Tradizionale post musicale del finesettimana.
Tradizionale band che nessuno si ricorda – la Manfred Mann’s Earth Band.
Chi?
Appunto.
Manfred Mann’s Earth Band.
Una di quelle band che nel nome hanno il nome di un tizio che non è il cantante – come lo Spencer Davis Group, come i Jethro Tull, come gli Steely Dan.
E gli amici ti restituiscono il disco che hai prestato – che è bello, certo, ma…
Ma chi sono ‘sti tizi?
Perché non li ho mai visti in TV?
E quello che canta non si chiama…..
Ormai non se li fila nessuno, i Manfreds – e anche ai vecchi tempi erano un gruppo marginale.
Non per scarso valore, ma per scelta.
Manfred Mann, il tipo menzionato nel nome della band ma che non cantava, suonava le tastiere, era unmusicista di impostazione classica, che citava Holst e Stravinski, non era interessato a stare nell’occhio del ciclone.
Già ai vecchi tempi, quando la band si chiamava solo Manfred Mann (confusione, confusione), lui era più interessato alla strutturamusicale che non all’appeal pop dei suoi brani – curiose miscele di classica, folk e r’n’b.
Vedere la gente che balla su My Name is Jack a Top ofthe Pops nel 1968 è un’esperienza assolutamente surreale.
Ma non più surreale di scoprire che, acquistando una copia del loro album The Good Earth (1974) si adottava una zolla di terra da dedicare a rifugio faunistico in Galles.
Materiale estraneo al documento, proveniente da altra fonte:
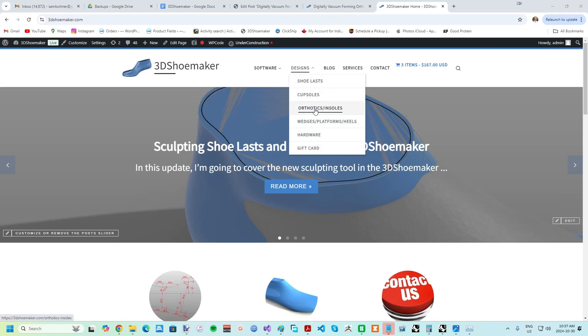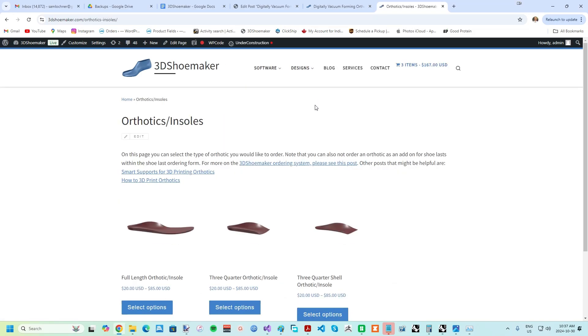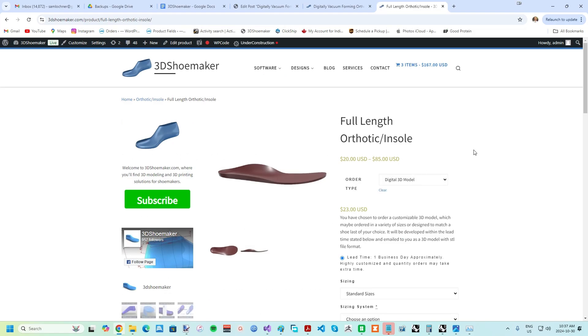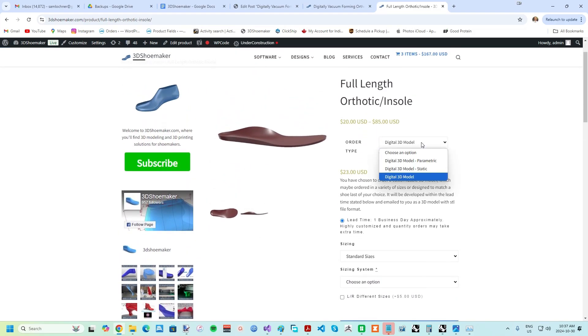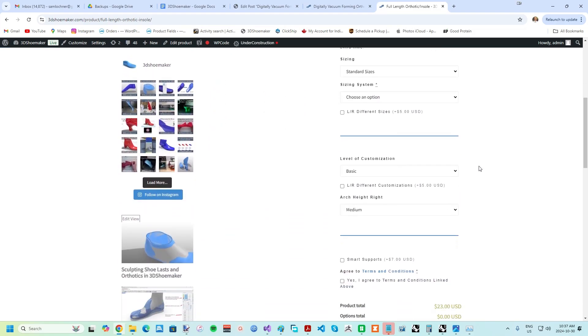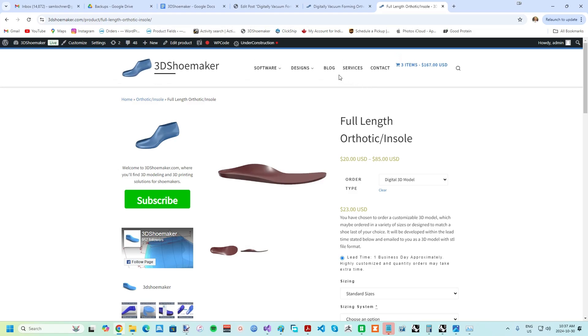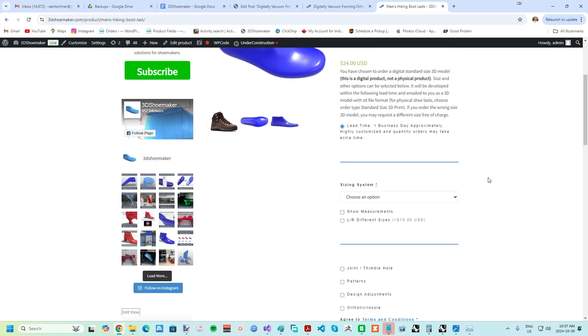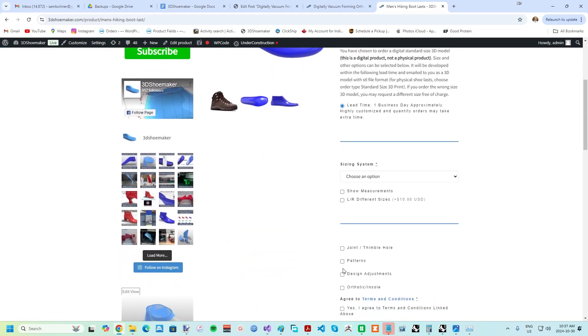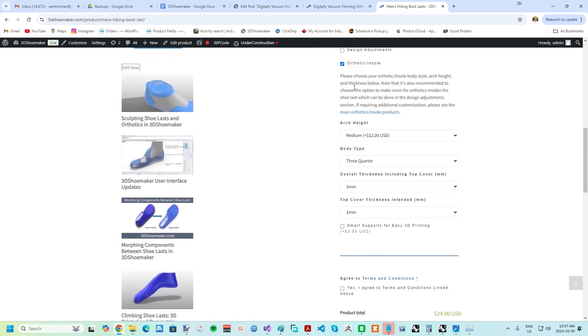Before getting started with the new vacuum forming tools, I'll first point out to those simply looking for 3D printable orthotics to put in shoes that these can be found on 3dshoemaker.com via the Designs drop-down. There is a link to an explanation on the ordering system, and orthotics can now be ordered as add-ons for shoe lasts too, within the ordering form for shoe lasts.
Con gli anni ’70, Manfred e i suoi ragazzi si spostano su un sound ancora più intricato, penetrando come guastatori il campo della musica progressive, e nel 1976 trovarono la stabilità con Chris Thompson come vocalist principale, e facendo cover e riarrangiamenti di artisti noti – Bob Dylan – e sconosciuti – Bruce Springsteen, ad esempio.
Blinded by the Light è l’unica canzone scritta da Springsteen arrivata al primo posto della Hot 100 – ma ci è arrivata nella versione della Earth Band.
E pare che al Boss ancora girino…
Ed è certamente per via di una loro cover del Boss, la stranissima For You, che io in questi giorni non riesco a smettere di ascoltare Chance, del 1980, un disco dedicato alla fuga ed alla vita in movimento – aerei, navi, fughe, naufragi.
Princess cards she sends me with her regards
barroom eyes shine vacancy, to see her you gotta look hard
Wounded deep in battle, I stand stuffed like some soldier undaunted
To her Cheshire smile. I’ll stand on file, she’s all I ever wanted.
But you let your blue walls get in the way of these facts honey,
get your carpetbaggers off my back
you wouldn’t even give me time to cover my tracks.
Strana.
Chance ha anche, come gran parte dei dischi dei Manfreds una vena fantastica o fantascientifica – e nello specifico è molto più cyberpunk di tanto cyberpunk conclamato, a cominciare dal brano d’apertura Lies (All thorugh the ’80s), sinistramente profetico.
Insieme con Watch (1978), album del quale mi innamorai per via della copertina, una quindicina di anni or sono – altro disco sulla fuga e sulla scomparsa, sulla perdita di memoria – sono stati la mia colonna sonora durante tutto il periodo di ubuntificazione dei miei sistemi.
Davy’s on the road again
Wearin’ different clothes again
Davy’s turning handouts down
To keep his pockets clean
Ed un suo senso in fondo ce l’ha – furono proprio i Manfreds, a metà anni ’80, ad aggirare una serie di mandati di cattura sudafricani per poter entrare in Sud Africa incidere Somewhere in Afrika con musicisti invisi al regime dominante.
Per i Manfred, gruppo marginale tutt’ora in attività, il concetto di “ubuntu” era evidentemente chiaro a livello istintivo.